Recruitment lessons from Joe Brumm, creator of Bluey
Photo credit: Adele Last
Children’s animated series, Bluey, has won over fans and critics globally, with a swag of awards to its credit.
Bluey’s creator, Joe Brumm, was the final presenter at SHAPE 2024 yesterday afternoon (pictured above). He had the audience’s full attention as he shared how the germination of an idea for Bluey flowered into the show that delights kids and adults equally and has won a swag of local and international awards.
After the 2017 pilot episode of Bluey secured Brumm $6 million to produce 52 seven-minute episodes for the ABC and BBC he faced his most important task – recruiting a team of animators.
Brumm spoke briefly about the production process for an episode of Bluey, in which each animator’s work is an average of 10 seconds of screen time per episode.

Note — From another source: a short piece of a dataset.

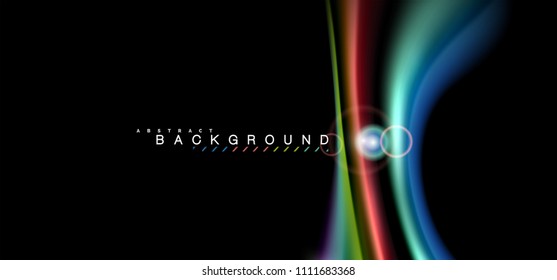 Los efectos de la luz brillante de color sobre la forma ondulada de color negro y líquido. Ilustración artística para presentación, fondo de pantalla de aplicación, pancarta o afiche, diseño geométrico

A more comprehensive version of the production process appears on The Bluey Wikipedia page:
“Approximately fifteen episodes of the series are developed by the studio at any one time across a range of production stages. After story ideas are conceived, the script-writing process takes place for up to two months. The episodes are then storyboarded by artists, who produce 500 to 800 drawings over three weeks while consulting the writer’s script. After the storyboard is finished, a black and white animatic is produced, to which the dialogue recorded independently by voice artists is added. The episodes are then worked on by animators, background artists, designers, and layout teams for four weeks. The entire production team views a near-completed episode of Bluey on a Friday…the(se) viewings developed into test screenings where members of production would bring their family, friends and children to watch the episode. The complete production process for an episode takes three to four months.”

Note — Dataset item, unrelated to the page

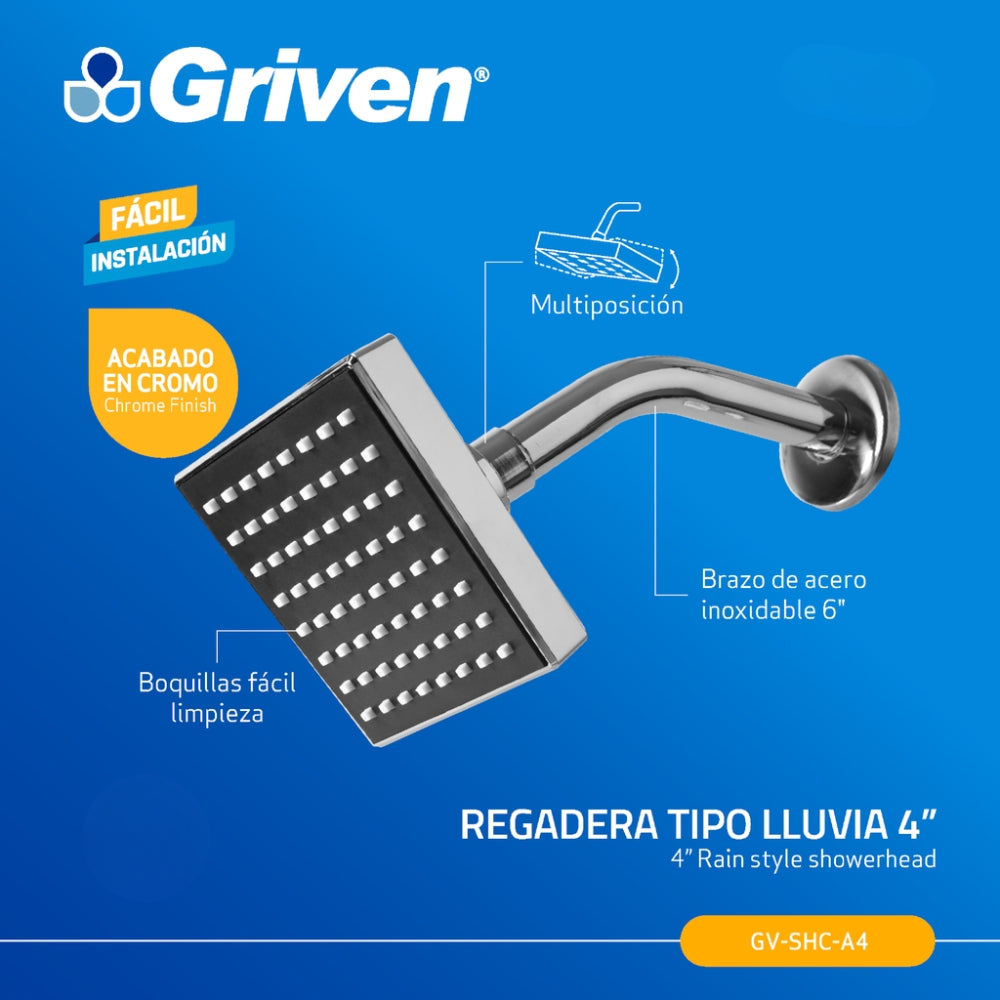 REGADERA TIPO LLUVIA 4 PULGADAS CROMADO GRIVEN GV-SHC-A4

As Bluey is produced entirely at a Brisbane production studio, Brumm’s first recruitment challenge was hiring enough good 2D animators from the local market on a tight budget.

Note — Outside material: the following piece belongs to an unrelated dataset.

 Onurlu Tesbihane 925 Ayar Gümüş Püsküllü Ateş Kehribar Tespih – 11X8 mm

Faced with the reality of recruiting many inexperienced art school graduates Brumm knew the overall quality of each student’s animated films (effectively show reels for the animator’s talent) would be low making it tough from him to distinguish the talent he needed for his 52-episode season.
Brumm looked for a glimpse of what he called “something special” amongst the general mediocrity of these students’ films.
Brumm shared one specific hiring story: one student’s film included a scene of a character walking toward the camera, which Brumm said is one of the most demanding and time-consuming things for an animator to do.
Brumm hired the student primarily on the basis of that few seconds of film as he knew the student not only possessed the necessary artistic talent but also the persistence to complete difficult and demanding work.
The total team nature required for Bluey’s production combined with tight deadlines meant talented but temperamental or undisciplined employees would be both disruptive and costly.
Joe Brumm demonstrated what’s critical in hiring, especially volume hiring of candidates whose existing technical skills are hard to differentiate – a focus on a very small number of key selection criteria, especially the hard-to-train motivation competencies (in his case, persistence and team commitment) that are difficult to assess at interview yet critical for successful job performance.